Legal

Admitting that e-tolling “was a mistake” is a good start – JPSA

Justice Project South Africa is delighted to note that Gauteng Premier, David Makhura has reportedly finally admitted that e-tolling on the Gauteng Freeway Improvement Project “was a mistake” in his State of the Province address on Monday 20 February 2017 and congratulates him for doing so.

Certainly, finally coming to admit one’s mistakes represents a superbly good start to finding a way to put right that mistake and one can only hope that the Premier’s colleagues who are higher up the food chain, as well as the arrogant individuals at SANRAL will also come to realise this instead of continuing to seek to wage war with motorists who drive on these freeways.

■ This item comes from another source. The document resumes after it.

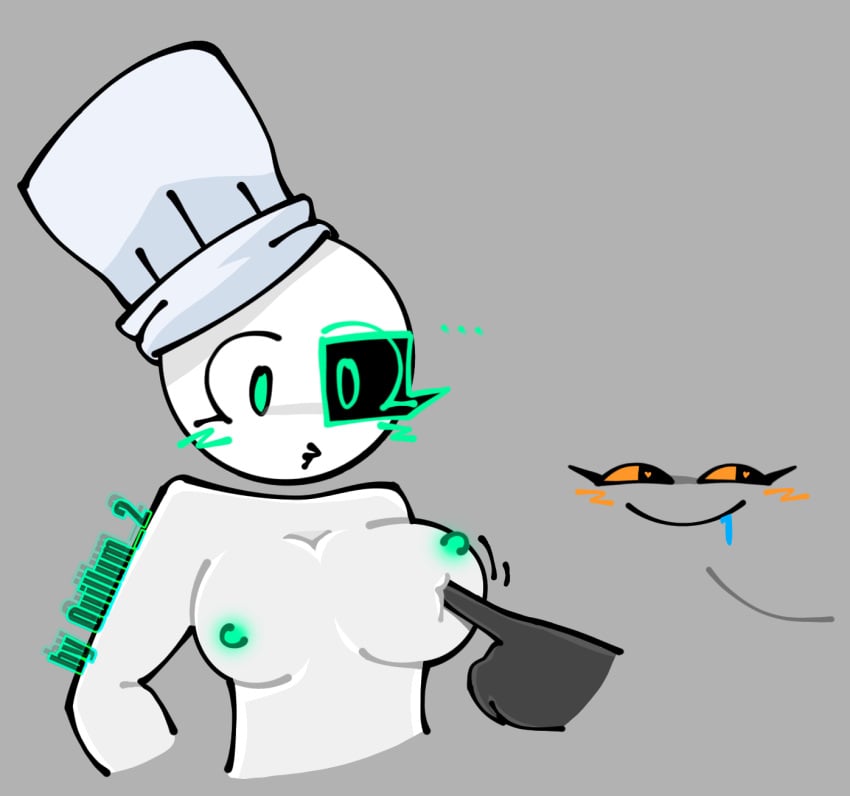 ... 1girls 2girls blush boobs breasts chef_hat colored_nipples cookiesuer dark_skin die_of_death_(roblox) drooling female_pursuer_(die_of_death) green_eyes heart-shaped_pupils looking_at_breasts nipples orange_eyes poking_breasts pursuer_(die_of_death) quillum_2 roblox roblox_game robloxian robot_humanoid self_upload watermark white_skin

It is sad to note that the new CEO of SANRAL, Skhumbuzo Macozoma has apparently adopted a similar approach to that of his predecessor in again threatening some people with criminal prosecution for the non-payment of e-tolls when the Department of Transport has acknowledged that this is not possible in the jurisdictions of the Cities of Johannesburg and Tshwane, when it released proposed amendments to the AARTO Regulations on 7 December 2015 in order to better suit SANRAL’s bizarre and ill-founded desire to include up to 100 infringements on a single AARTO 03 infringement notice.

JPSA has asserted from the outset that the Criminal Procedure Act cannot be used to prosecute non-payment of e-tolls in the jurisdictions of the Cities of Johannesburg and Tshwane, which cover the vast majority of the freeways which make up the GFIP and was proven right when these proposed amendments were published for public comment. Since then, the Minister of Transport has not proclaimed any amendments to the AARTO Regulations, apart from an amendment to Schedule 4 which lists the issuing authorities in terms of the AARTO Act.

Just when it will be that National Government, the Minister and Department of Transport and SANRAL come to the realisation that e-tolling was, as the Premier puts it, “a mistake”, scraps it and moves on is anyone’s guess but the fact still remains that the enormously unpopular scheme has failed in a spectacular fashion and there exists less than zero chance that citizens will suddenly capitulate and buy into it.